With regards to the flight sim.
there are reports that the captain was also doing work for a flight sim company
Although that may have been discredited
Not heard of any reports like that.
And that the Radar has a % of accuracy and at the Altitude is way off
Radar doesn't give you altitude - it gives angle, range and doppler (although search radars will be doppler ambiguous). You can sort of work out altitude from that, but yes there will be errors. How big they are depends on the radar and where the target is.
Interesting theory about shadowing another plane... http://keithledgerwood.tumblr.com/post/79838944823/did-malaysian-airlines-370-disappear-using-sia68
Its an interesting theory, one question i have is just how close would the Malaysia plane have to get to the 777 before radar would detect it as a single plane, rather than two very close planes with one active transponder? I know that theoretically you could hide the Malaysia plane in the shadow of the 777 if there was just one radar, but if there is more than one radar station that could pick the planes up, this would be very difficult.
Pilots on other forums are saying that it couldn't actually get to 45'000 ft. And that the Radar has a % of accuracy and at the Altitude is way off
A sensible view of what might have happened from a pilot, looking at it from the pilot's view and discounting all the speculative conspiracy theories:
https://plus.google.com/106271056358366282907/posts/GoeVjHJaGBz
The plane has a certified service ceiling of 43,100ft, so no it would not be able to reach 45,000ft. The last time pilots stupidly tried to exceed an airliners service ceiling it destroyed the engines and the plane crashed.
The last voice comms to ATC from the plane (after ACARS has gone off), have they done any voice analysis to confirm it was the crew speaking?
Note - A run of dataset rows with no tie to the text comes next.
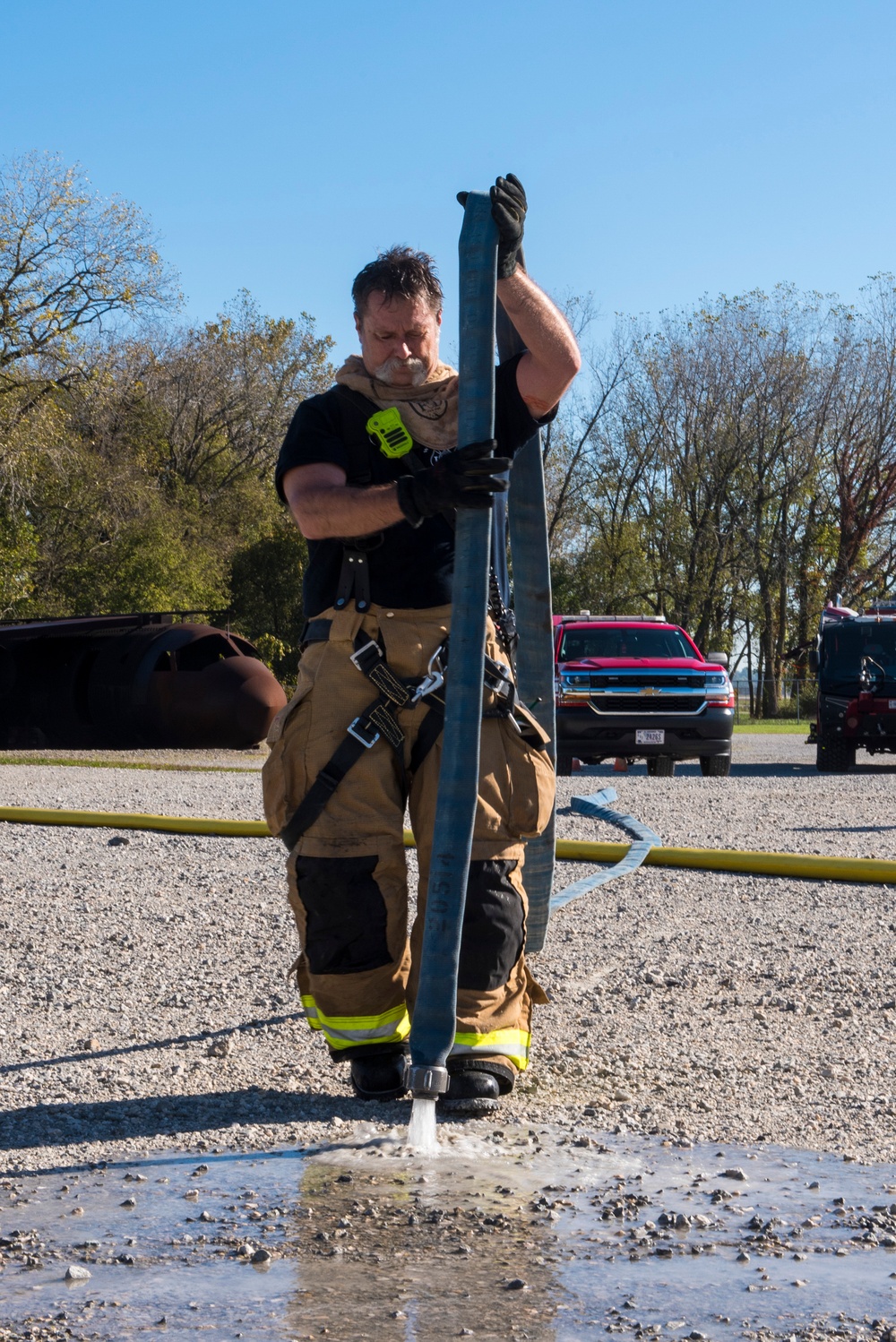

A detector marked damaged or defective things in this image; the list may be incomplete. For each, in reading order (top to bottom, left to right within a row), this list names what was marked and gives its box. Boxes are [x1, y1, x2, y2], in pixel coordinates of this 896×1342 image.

rusty metal tank [0, 615, 287, 751]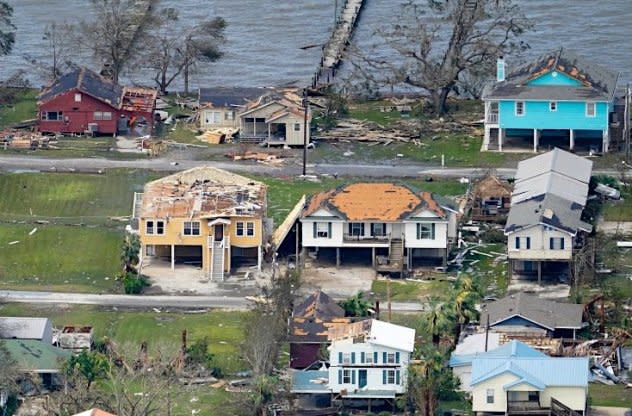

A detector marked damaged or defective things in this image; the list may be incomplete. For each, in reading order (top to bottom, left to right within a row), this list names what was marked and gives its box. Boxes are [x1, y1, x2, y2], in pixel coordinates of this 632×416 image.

damaged house [38, 66, 157, 135]
damaged house [237, 88, 308, 145]
damaged house [484, 48, 624, 153]
damaged house [135, 166, 268, 280]
damaged house [302, 183, 460, 272]
damaged house [504, 148, 592, 284]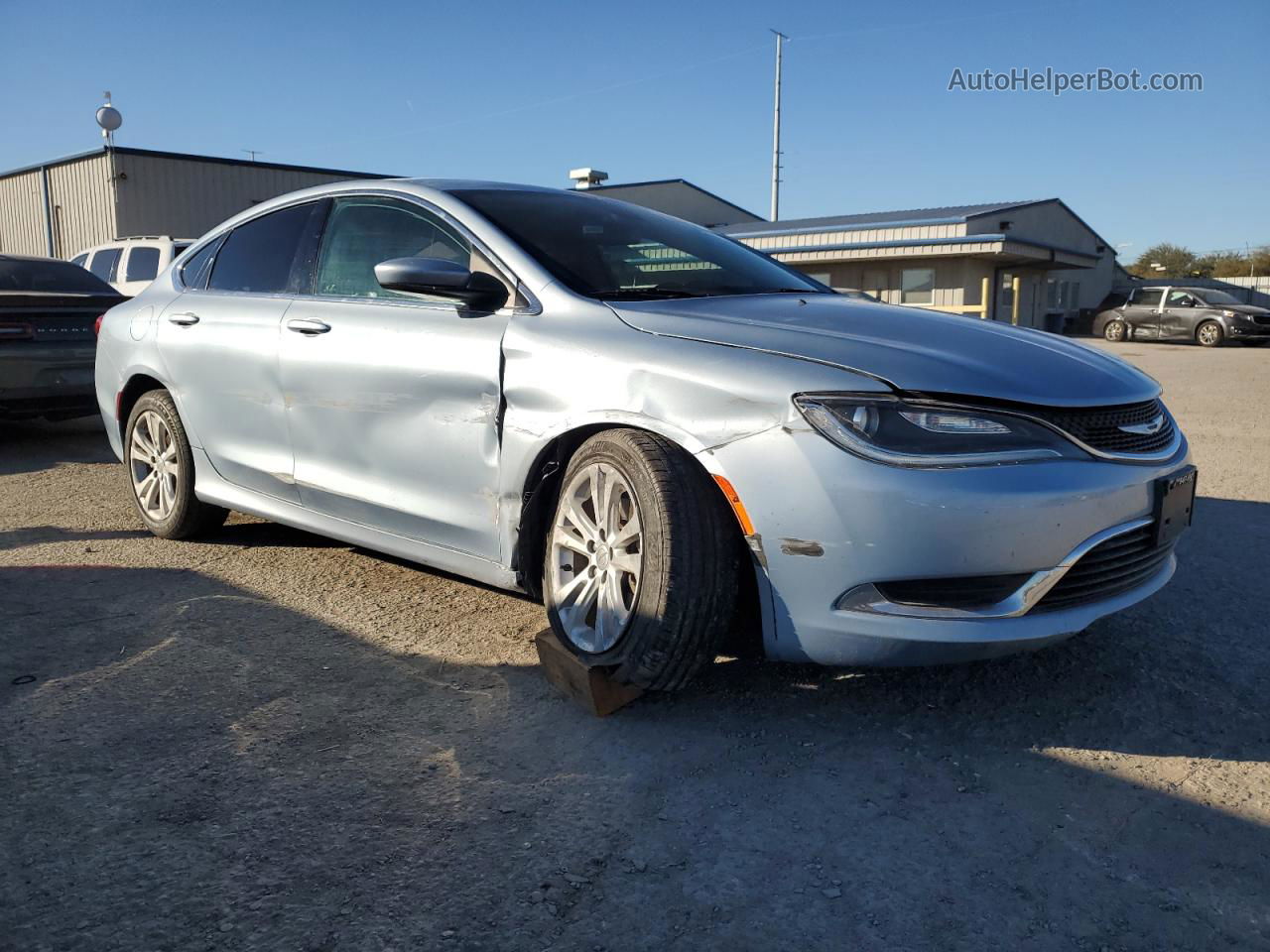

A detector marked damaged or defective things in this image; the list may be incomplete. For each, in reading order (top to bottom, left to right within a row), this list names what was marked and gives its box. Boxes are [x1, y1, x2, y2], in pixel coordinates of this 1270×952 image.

dented driver side door [279, 196, 510, 563]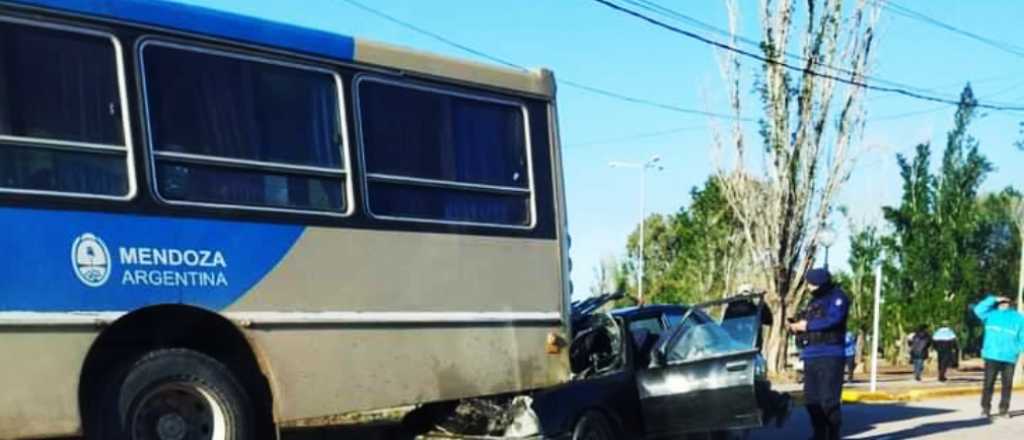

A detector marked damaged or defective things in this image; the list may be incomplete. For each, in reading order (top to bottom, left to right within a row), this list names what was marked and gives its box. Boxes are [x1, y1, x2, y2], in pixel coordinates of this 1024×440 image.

A sensible view of what might have happened from a pilot, looking at it from the pilot's view and discounting all the speculative conspiracy theories:
https://plus.google.com/106271056358366282907/posts/GoeVjHJaGBz
Makes you wonder whether pilots should have the ability to disable the transponder. Maybe an automatic system would be best.
A sensible view of what might have happened from a pilot, looking at it from the pilot's view and discounting all the speculative conspiracy theories:
https://plus.google.com/106271056358366282907/posts/GoeVjHJaGBz
Makes you wonder whether pilots should have the ability to disable the transponder. Maybe an automatic system would be best.
if an electrical fire started in the transponder electronics you would definitely want to turn them off in flight
*edit*
I'm too lazy to check, but does this story still fit with the most recent known flight path which has a left turn, right turn, then a further left turn in it
Great read that. Certainly makes a lot of sense.